**EXERCISE BRIEF:** For each record below, retype the text exactly and omit any image.

**TASK INPUTS:**

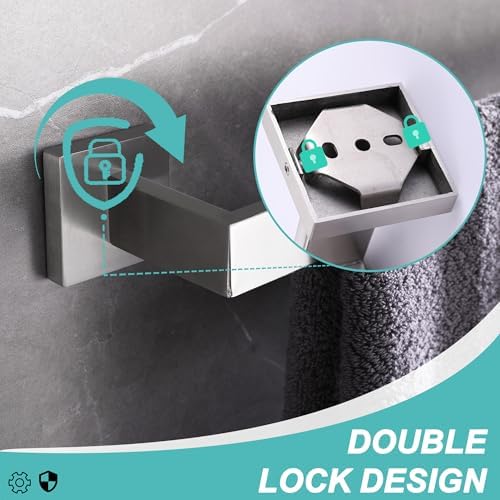 LANC 24 Inch Stainless Steel Towel Bars 2 Pack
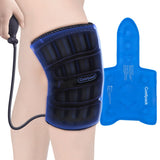 Comfpack rodillera con compresión equilibrada para soporte estable durante la actividad.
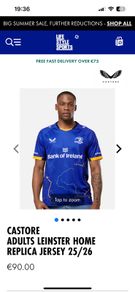 Leinster Home Jersey 25/26 Size M
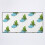 Tapis de bureau bleu à motifs botaniques 1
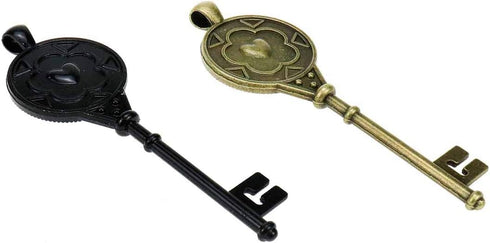 Semetall Keys Pendant Tray 40Pcs Kit Creative Pendant Trays for Photo Crafting DIY Jewelry Making 20 Pcs Vintage Keys Pendant Trays with 20 Pcs Tr...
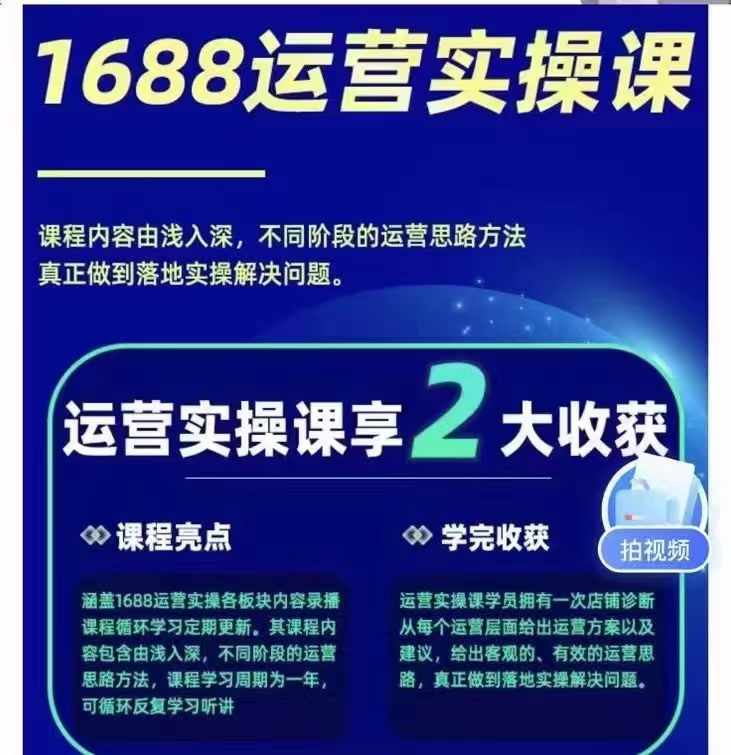 1688最新实战运营 0基础学会1688实战运营，电商年入百万不是梦_网创之家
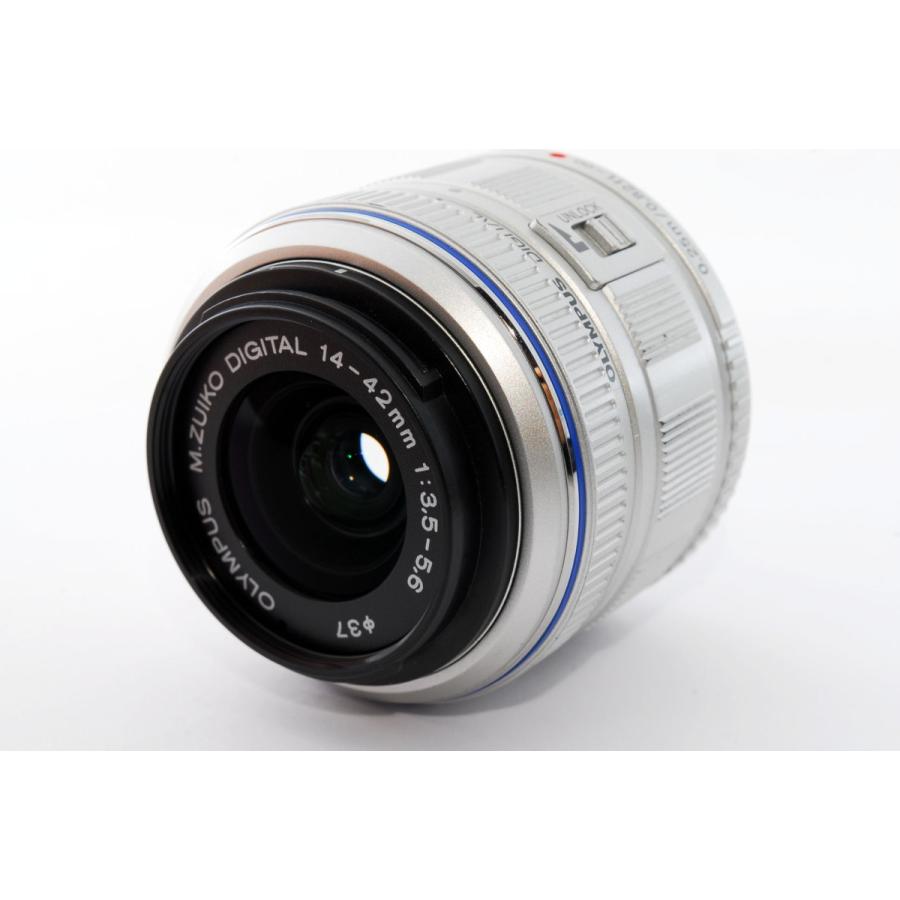 【希少】【動作確認済み】OLYMPUS E-PL2 レンズ/SDカード　32GB OLYMPUS PEN オリンパス ミラーレス Lite E-PL2 ブラック レンズ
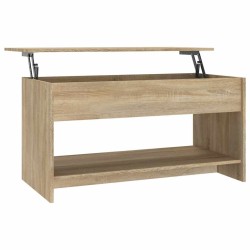 Table basse chêne sonoma 102x50x52,5 cm bois d'ingénierie 616896616896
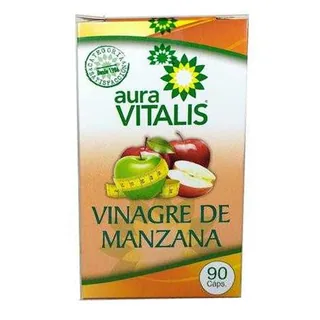 Envase de Vinagre de manzana x 90 caps aura vitalis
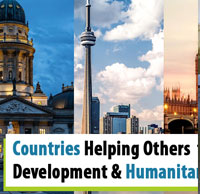   Countries Helping Others for Development and Humanitarian Projects  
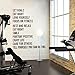 Price comparison product image Gym Beliving Saying Decal-Set Goals You Can Do This -Self Respect Motivative Art Murals(Large,Other Words-Black, Initial Letters-Tomato Red )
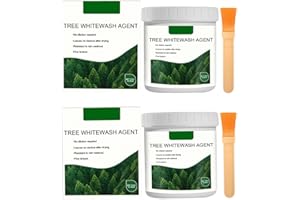 Tree Whitewash Agent for Trunks - 10 fl oz Whitewash Tree Paint, Sun & Frost Protection for Fruit Trees, Saplings & Plants, W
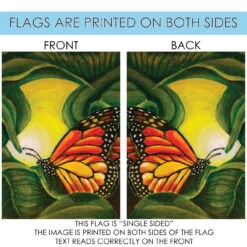 Beautiful Butterfly Outdoor House Flag 40" X 28" 8 Beautiful Butterfly Outdoor House Flag 40" X 28" -PatioVibe Shop dtol109813 4 07112.1682374849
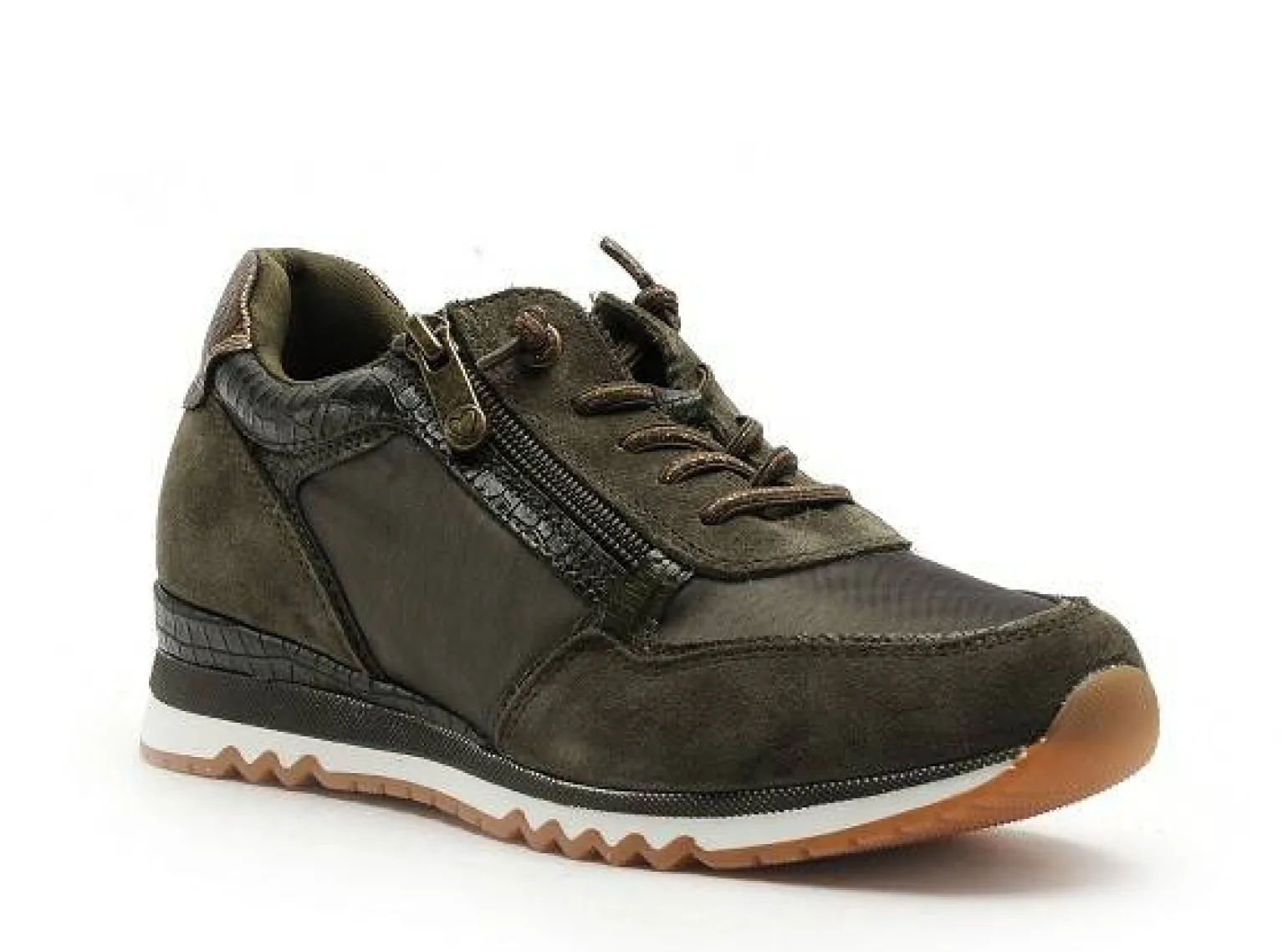 Marco Tozzi 23759 Kaki Baskets Basses Femme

**SOLUTION FOR THIS EXERCISE:**
 LANC 24 Inch Stainless Steel Towel Bars 2 Pack
 Comfpack rodillera con compresión equilibrada para soporte estable durante la actividad.
 Leinster Home Jersey 25/26 Size M
 Tapis de bureau bleu à motifs botaniques 1
 Semetall Keys Pendant Tray 40Pcs Kit Creative Pendant Trays for Photo Crafting DIY Jewelry Making 20 Pcs Vintage Keys Pendant Trays with 20 Pcs Tr...
 1688最新实战运营 0基础学会1688实战运营，电商年入百万不是梦_网创之家
 【希少】【動作確認済み】OLYMPUS E-PL2 レンズ/SDカード　32GB OLYMPUS PEN オリンパス ミラーレス Lite E-PL2 ブラック レンズ
 Table basse chêne sonoma 102x50x52,5 cm bois d'ingénierie 616896616896
 Envase de Vinagre de manzana x 90 caps aura vitalis
   Countries Helping Others for Development and Humanitarian Projects  
 Price comparison product image Gym Beliving Saying Decal-Set Goals You Can Do This -Self Respect Motivative Art Murals(Large,Other Words-Black, Initial Letters-Tomato Red )
 Tree Whitewash Agent for Trunks - 10 fl oz Whitewash Tree Paint, Sun & Frost Protection for Fruit Trees, Saplings & Plants, W
 Beautiful Butterfly Outdoor House Flag 40" X 28" 8 Beautiful Butterfly Outdoor House Flag 40" X 28" -PatioVibe Shop dtol109813 4 07112.1682374849
 Marco Tozzi 23759 Kaki Baskets Basses Femme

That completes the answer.